The story encompasses their settling down as the school’s founders, alongside older day students Kay and Debbie, male dancers Paul and Edward, and the house mother, Elspeth, the widowed mother of baby Dorothy. Elspeth becomes a general confidante as she comes to understand what dancing means to the students and headmaster, while trying to keep them fed and healthy. The students’ ages range from about twelve to nineteen, and as it’s set in the sixties, it’s a lot more interested in appearance than most earlier girls own stories, not just through the lens of having the right body shape for ballet. It’s about giving a good impression as a new school, where there is no uniform, but which is trying to bring ballet to the north of England. This clashes with the girls’ desire to be fashionable.
The writer must be drawing on experience from the descriptions of various classes and the realism about the demands of a ballet career. The students come from varied backgrounds, with Debbie and Kay attending class around part-time jobs. These are not all middle-class girls with cushy home lives, one is genuinely worried her parents are going to divorce.
Though the book ends a year and a term after it started, with the students performing in their own theatre, or the bare bones of it, even that keeps within the realms of possibility, give or take a fortuitous benefactress.
But compared to Lorna Hill and Jean Estoril (Mabel Esther Allan), the author falls short on character. Yes, talented Camilla will have to battle with nerves if she is to reach her full potential, but Maria’s problems are more or less set out by her when she first arrives at the school, it’s just a matter of discovering where her real talents and passions lie.
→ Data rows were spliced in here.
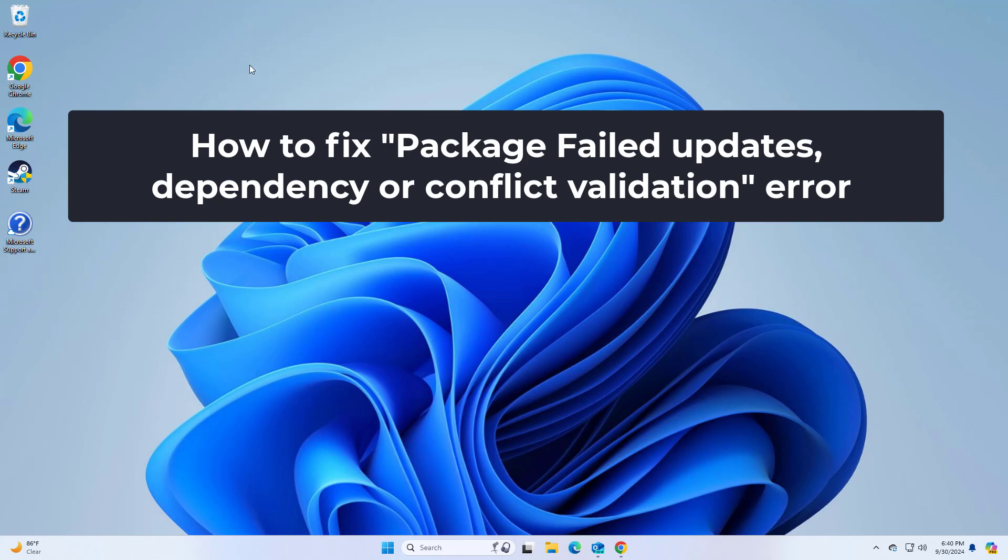How to fix package failed updates, dependency, or conflict validation error. In this video I will show you a few solutions to fix the problem.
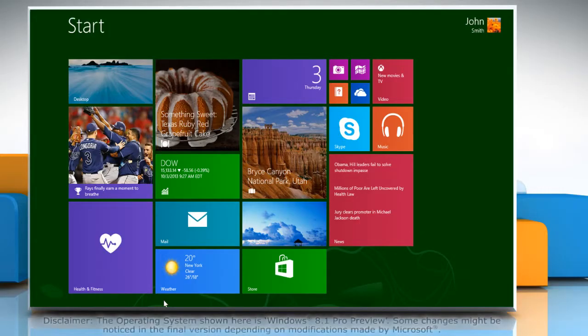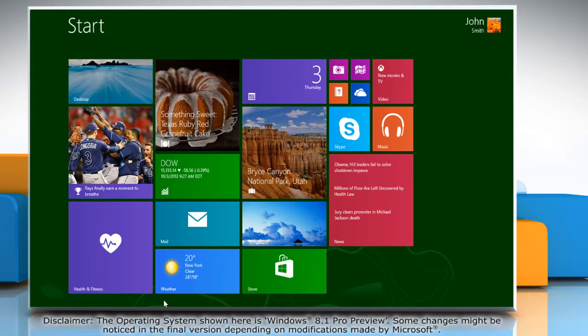Hello friends! Looking for steps to change the ReadyBoost settings for a USB drive in your Windows 8.1 PC? Let's go ahead and see how you can disable ReadyBoost for a USB drive.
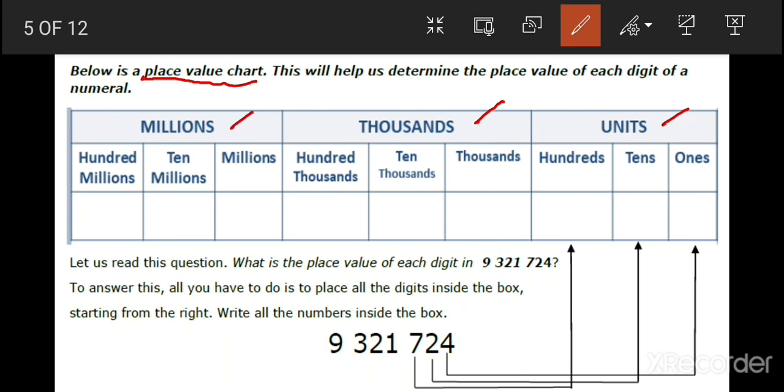Now, units, thousands, and millions — these three are called periods.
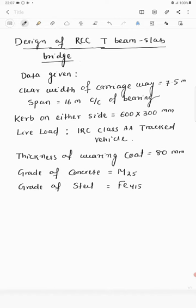Today we will learn the design of RCC T-beam slab bridge. The given data: clear width of the carriageway is 7.5 meters, span is 16 meters center to center of bearing, dimension of the curb on either side of the road is 600 mm × 300 mm, and live load is IRC Class A tracked vehicle.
Elaine and ‘Wee Fee’ are the equivalent of naughty middles, adding colour in contrast to the staider older girls. The adults are a bit more enigmatic than they needed to have been - I’d have liked to learn a bit more of how Angus became this demanding, ambitious teacher. What was his dancing career like? Granted, his romance with thoroughly decent and sensible non-dancer Elspeth was credible and telegraphed to the reader, if not the schoolgirls, who misunderstand his relationship with a visiting student, the accomplished dancer Violette. Granted, too, that this is a subplot in a story for girls, but there’s not a hint as to how being married and losing her husband might have shaped Elspeth or affected her attitude toward a second marriage. I wondered if a narrower focus on fewer of the characters would have made this a better book, but I think ultimately the problem was the author’s weakness here.
There is an early sixties-typical attitude towards race: a 2020 viewpoint made me wince at the depiction of ‘natives’ in a Robinson Crusoe pantomime one of the students has a part in, and although the depiction of Trinidadian dancers dancing the limbo is positive - Angus Jacob being interested in all kinds of dance and eager for his students to learn from them - the broken English of Swami, who owned the restaurant where the dancing took place, also made me wince.
So, it’s an interesting, fairly realistic, of-its-time book about ballet for girls, but let down by the author’s handling of characterisation.